Kristallisationskeime 28.05.2024, 07:00 Uhr

Wann bilden sich Kristalle? Forschende haben erstmals eine Antwort

Flüssigkeiten gefrieren ab einer bestimmten Temperatur. Doch wann bilden sich die ersten Kristalle? Auf diese Frage fanden Forschende am European XFEL nun erstmals eine Antwort: Sie entstehen wohl deutlich später, als man bisher vermutete. Die neuen Erkenntnisse sollen auch beim Verstehen von Naturphänomenen helfen.

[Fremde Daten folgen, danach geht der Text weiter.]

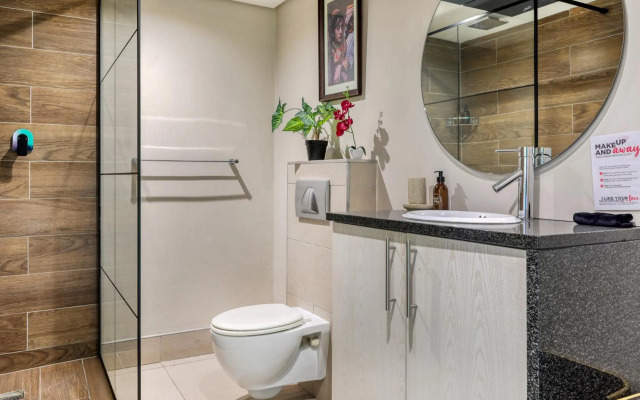 Authentic Cape Town Apartment near the Silo District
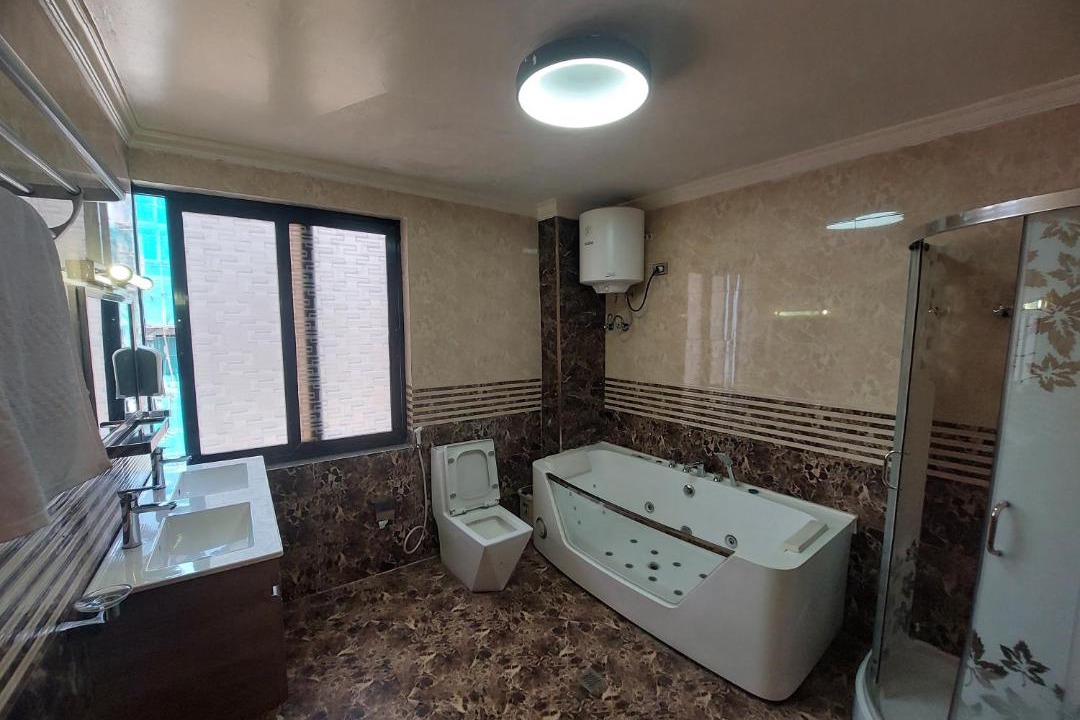 Photo of Bathroom in Yeka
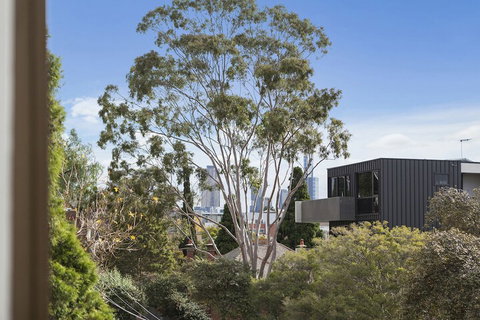 BOUTIQUE STAYS - Ace's Place - Accommodation Brisbane 1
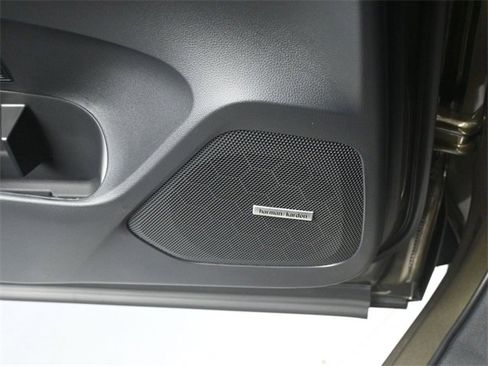 New 2025 Subaru Ascent Touring image 21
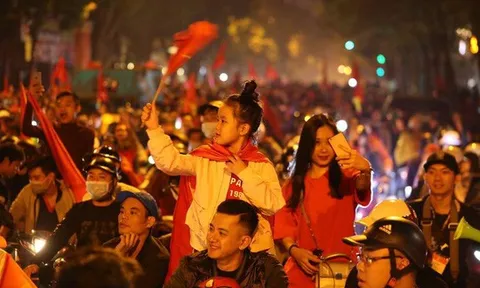 Người dân Hà Nội xuống đường mừng tuyển Việt Nam vào bán kết với vị trí nhất bảng A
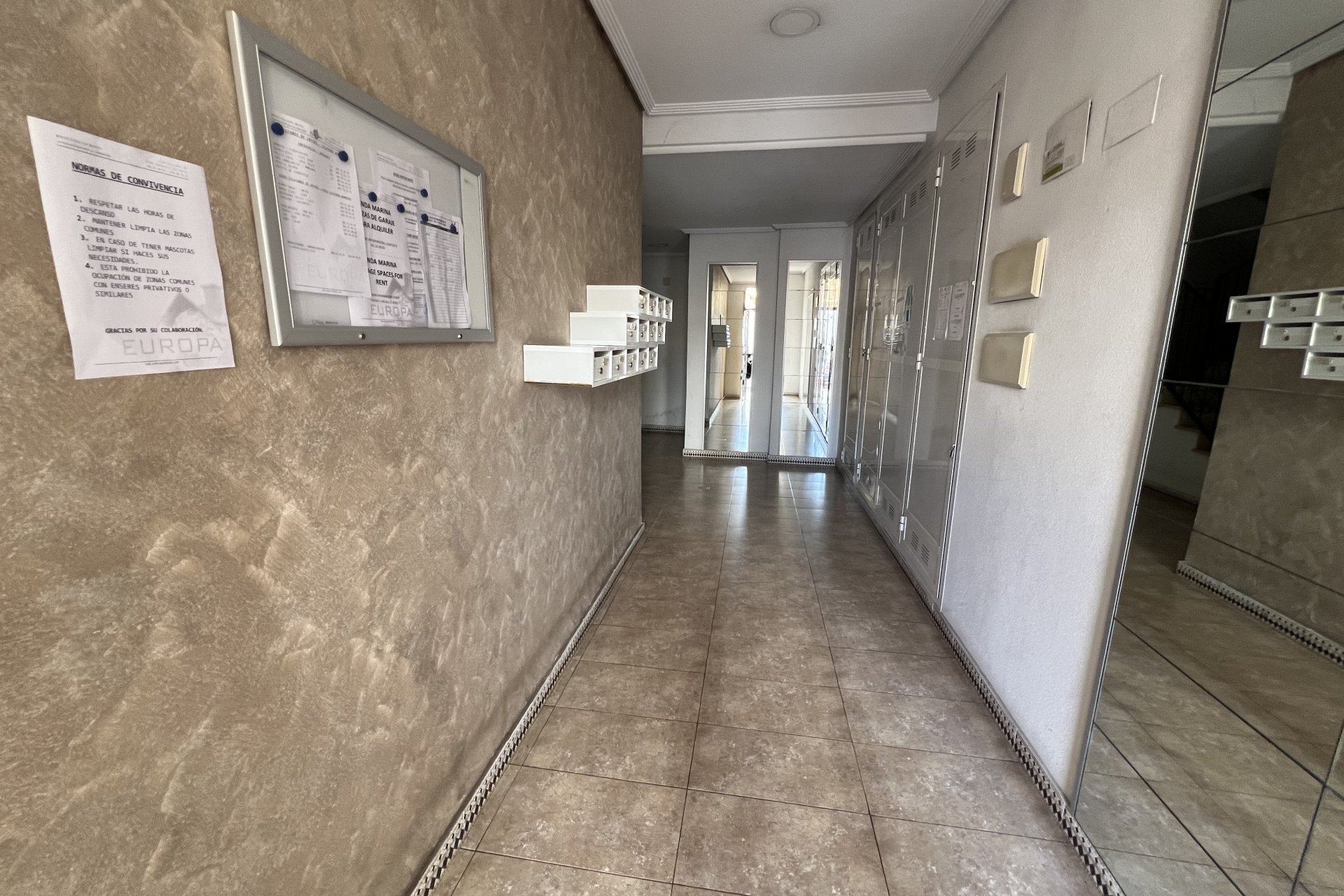 Reventa - Apartamento / piso - Torrevieja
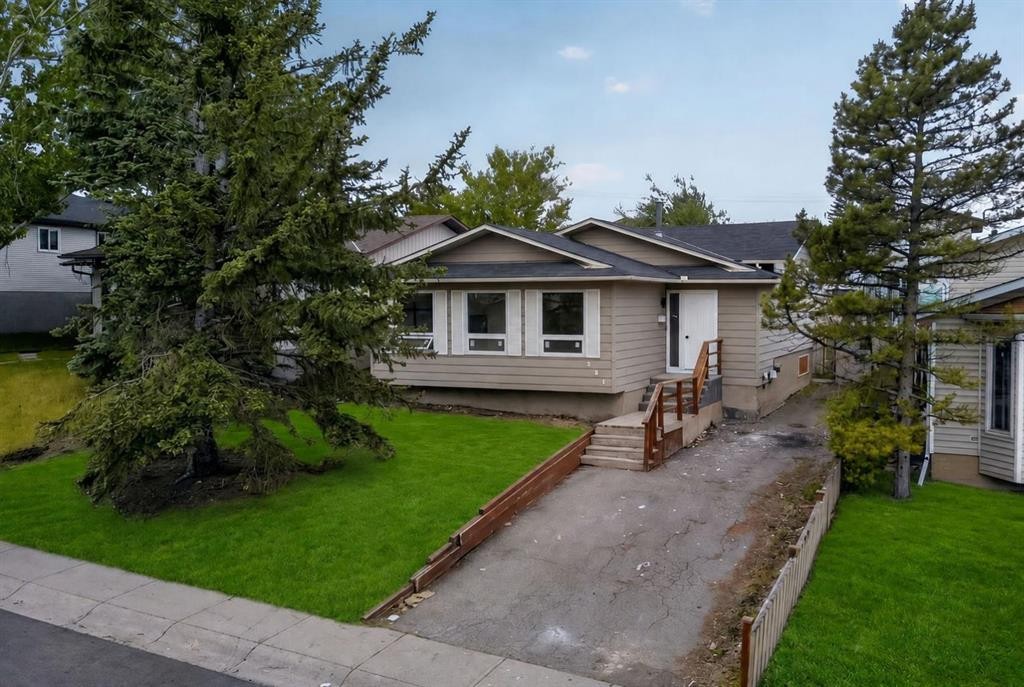 304 Beddington Circle Ne, Calgary, AB - Outdoor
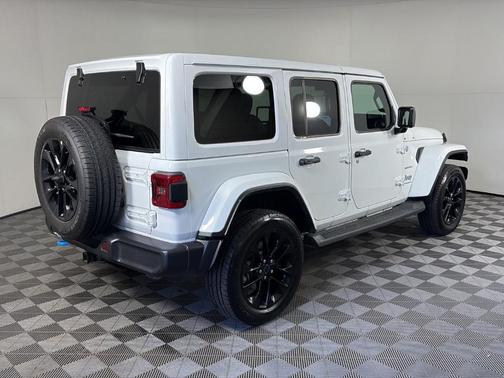 2024 Jeep Wrangler 4xe Sahara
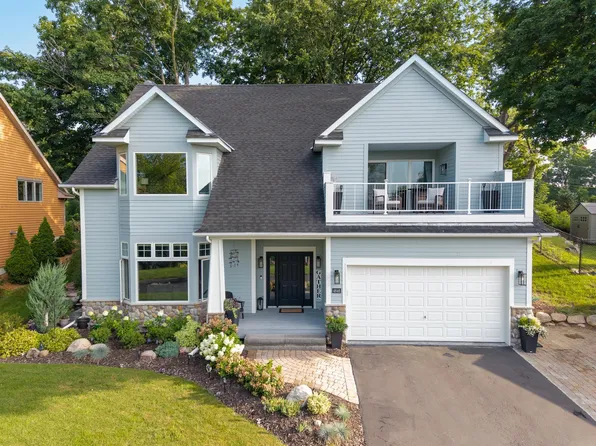 4646 Island View Dr, Mound, MN 55364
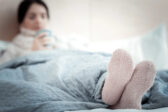 Octové ponožky: starý trik proti horúčke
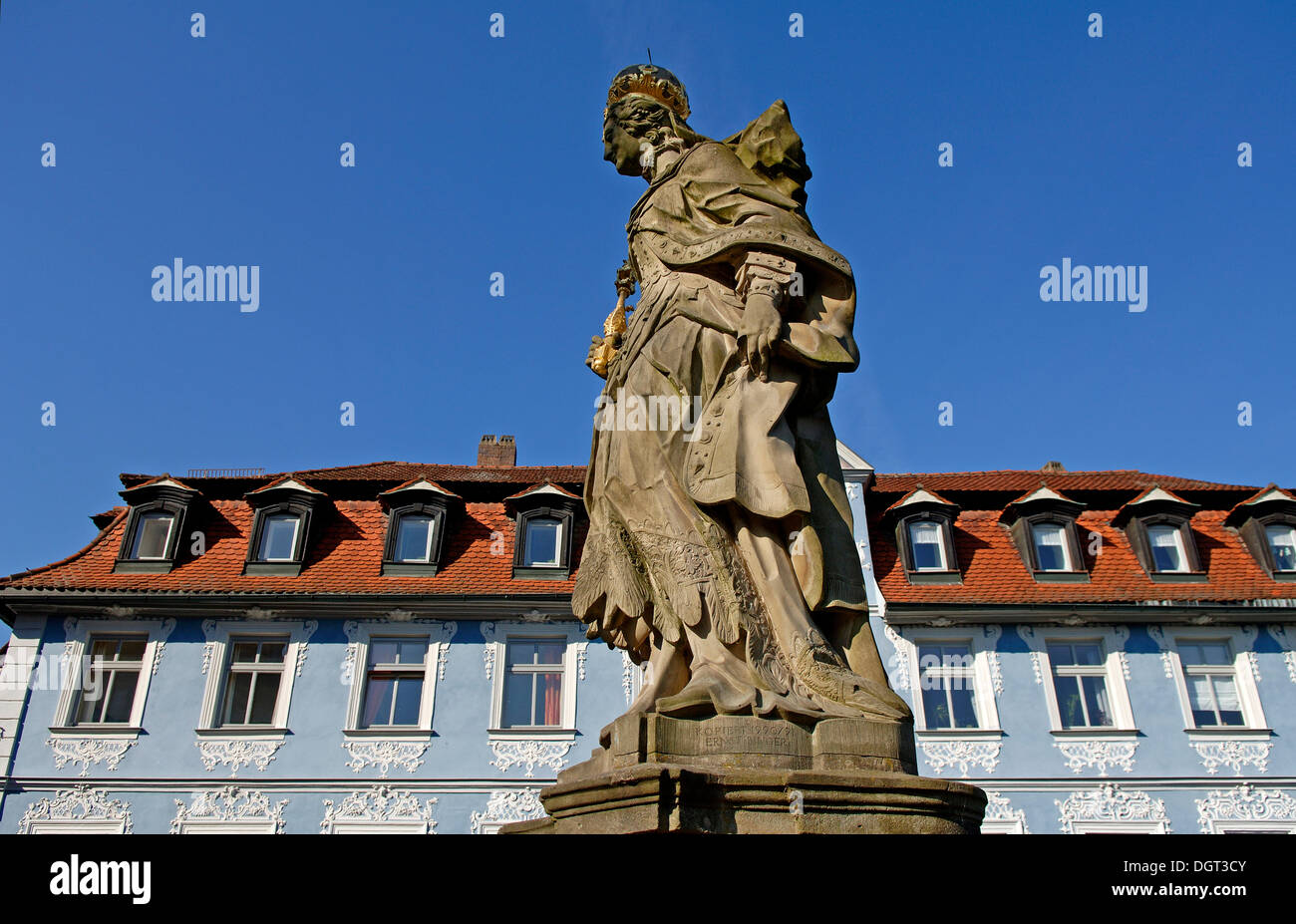 Statue von Saint Cunigunde von Luxemburg vor ein dekoratives traditionelles Stadthaus, Bamberg, Franken, Oberbayern Stockfoto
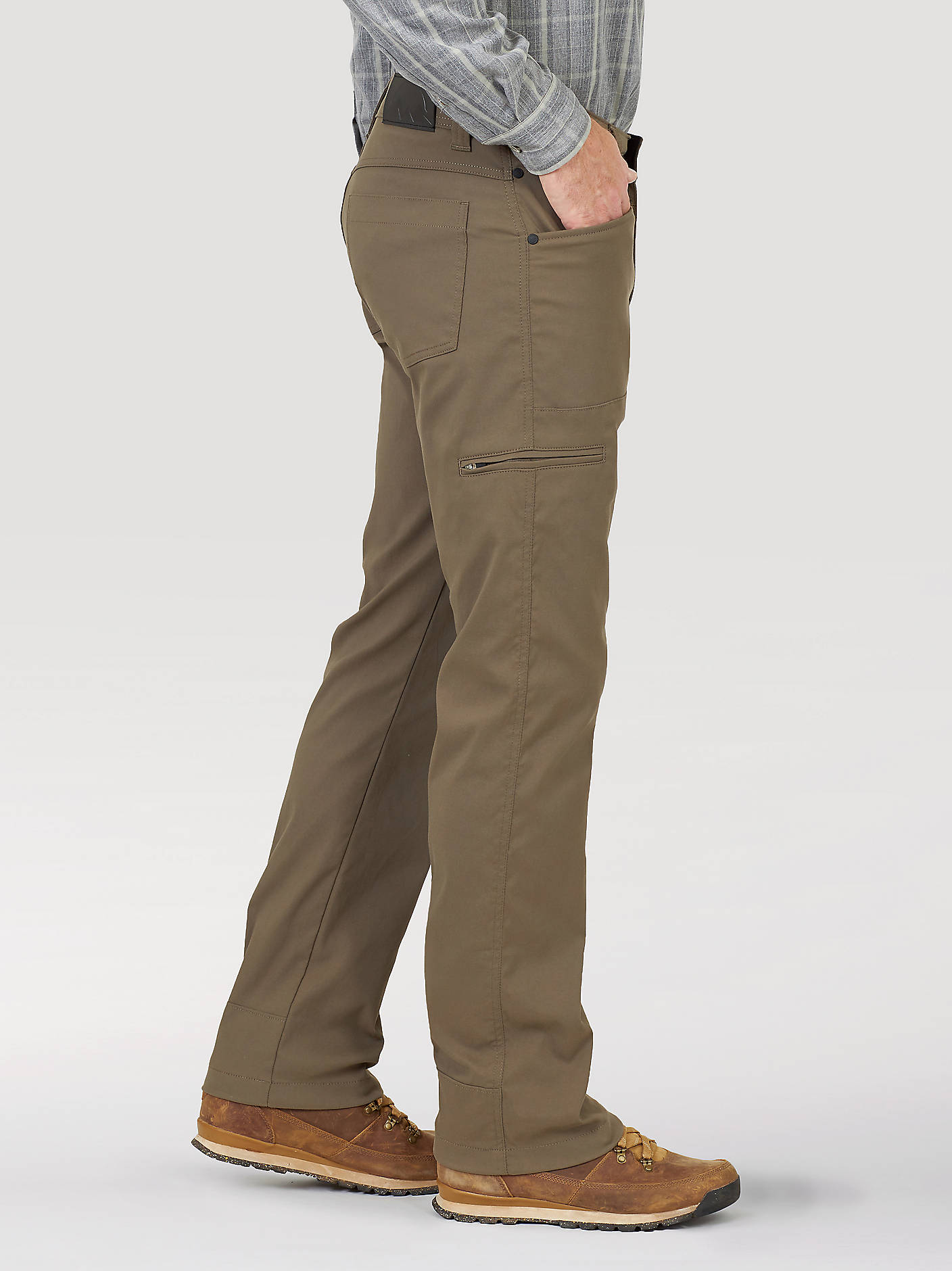 Wrangler ATG™ Men's Cliff Side Utility Pant | OUTDOOR | Wrangler®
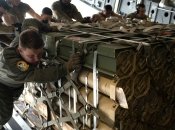 Поставки оружия Украине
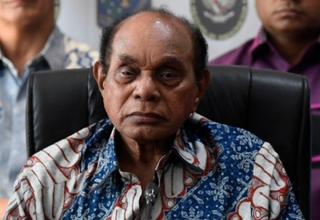 Freddy Numberi: Kasus Floyd dan Persoalan di Papua Berbeda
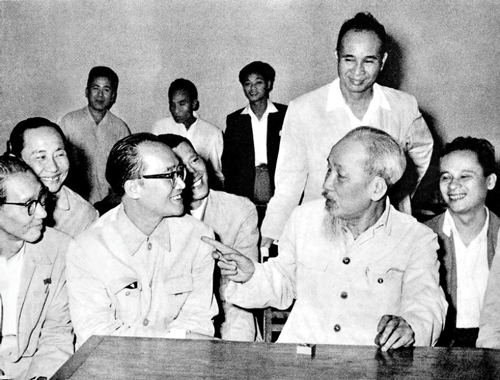 Chủ tịch Hồ Chí Minh với đại biểu trí thức dự Hội nghị Chính trị đặc biệt tháng 3-1964. Ảnh: TTXVN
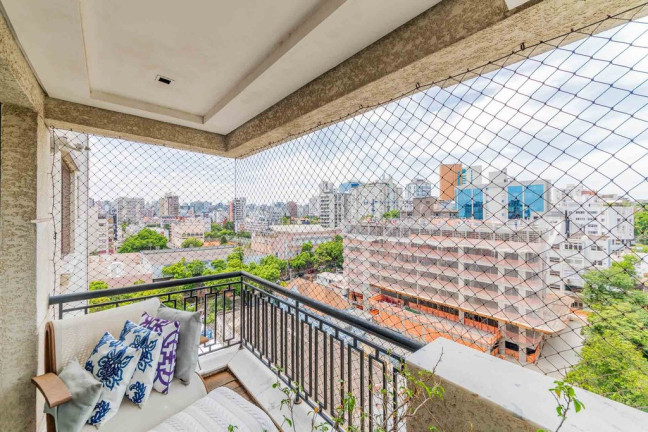 Imagem Imóvel com 3 Quartos à Venda, 161 m² em Moinhos De Vento - Porto Alegre Imagem Imóvel com 3 Quartos à Venda, 161 m² em Moinhos De Vento - Porto Alegre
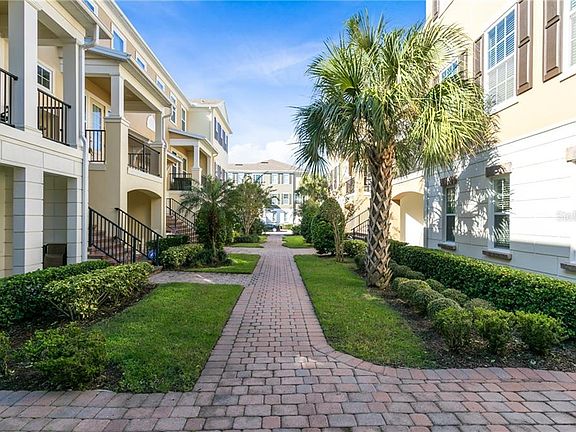 5th image of 566 Fenway Pl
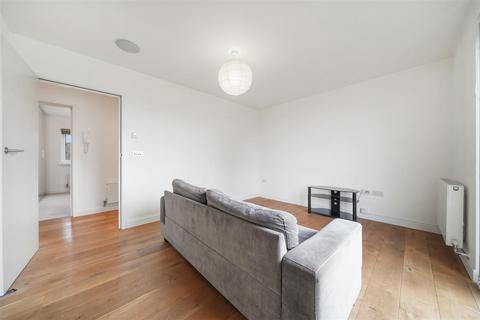 2 bedroom flat for sale, Rosebank Way, Acton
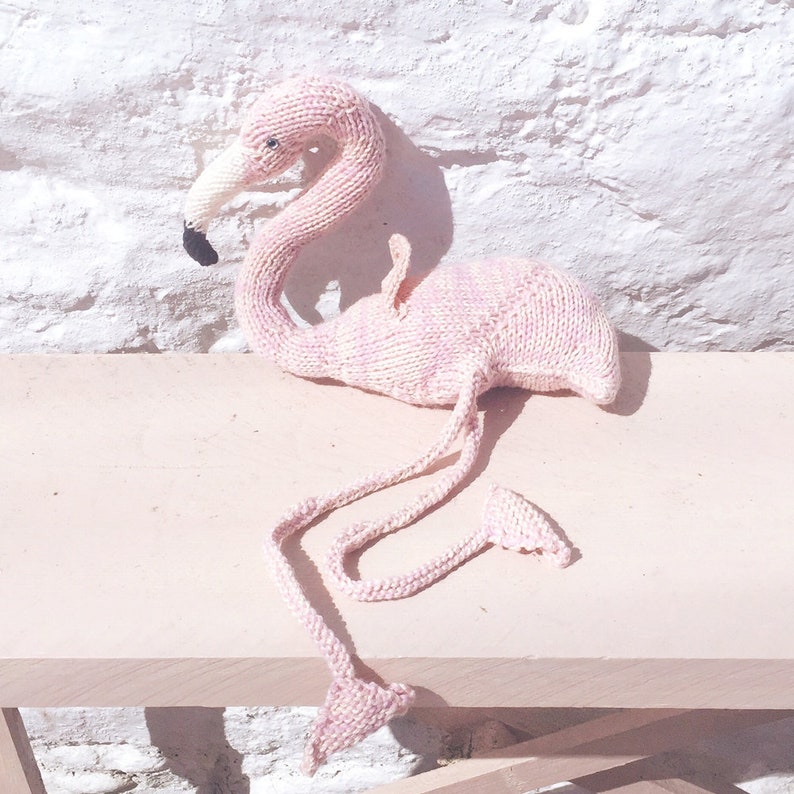 KNITTING PATTERN flamingo image 2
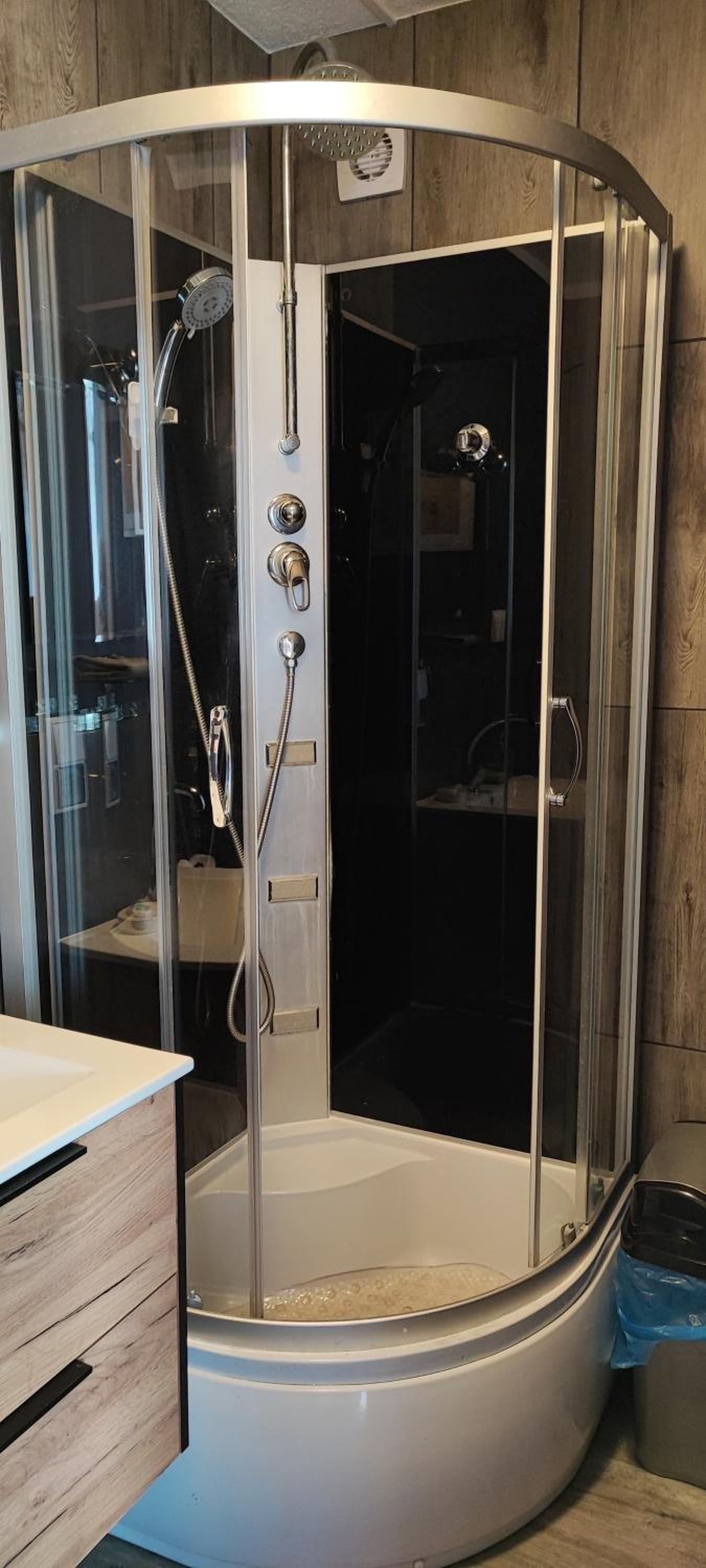 Quadruple Room with Private Bathroom - Photo 13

Ein Kristall im Röntgenbild, welches das Beugungsmuster zeigt

Das Beugungsmuster eines Kristalls wird per Röntgenbild sichtbar. Es entsteht aus 34.000 einzelnen Aufnahmen eines Kryptonenstrahls.

Foto: European XFEL

Der Gefrierpunkt von Wasser liegt bei unter null Grad Celsius. Das ist nicht nur eine bekannte Größe und einfach nachzuvollziehen, sondern der Gefrierpunkt ist auch der Fixpunkt der Celsius-Temperaturskala. Die Übergangsphase von flüssigem Wasser zu festem Eis dagegen ist alles andere als einfach zu erfassen. Deshalb interessieren sich Wissenschaftlerinnen und Wissenschaftler für diesen komplexen Prozess. Dieser ist zugleich auf atomarer Ebene nur sehr schwer zu untersuchen. Aktuell gehen Forschende davon aus, dass im ersten Schritt Kristalle vor allem nach dem Zufallsprinzip entstehen. Denn es ist noch unklar, wann und wo genau dieser Vorgang eigentlich startet. Ein weiterer Punkt macht es den Forschenden ebenfalls schwer, die Vorgänge exakt zu ergründen: In manchen Fällen bleibt der flüssige Zustand noch eine Zeitlang erhalten, obwohl die Flüssigkeit schon derart kalt ist, dass sie längst gefrieren müsste. Die Kristallbildung gibt der Wissenschaft also weiter Rätsel auf.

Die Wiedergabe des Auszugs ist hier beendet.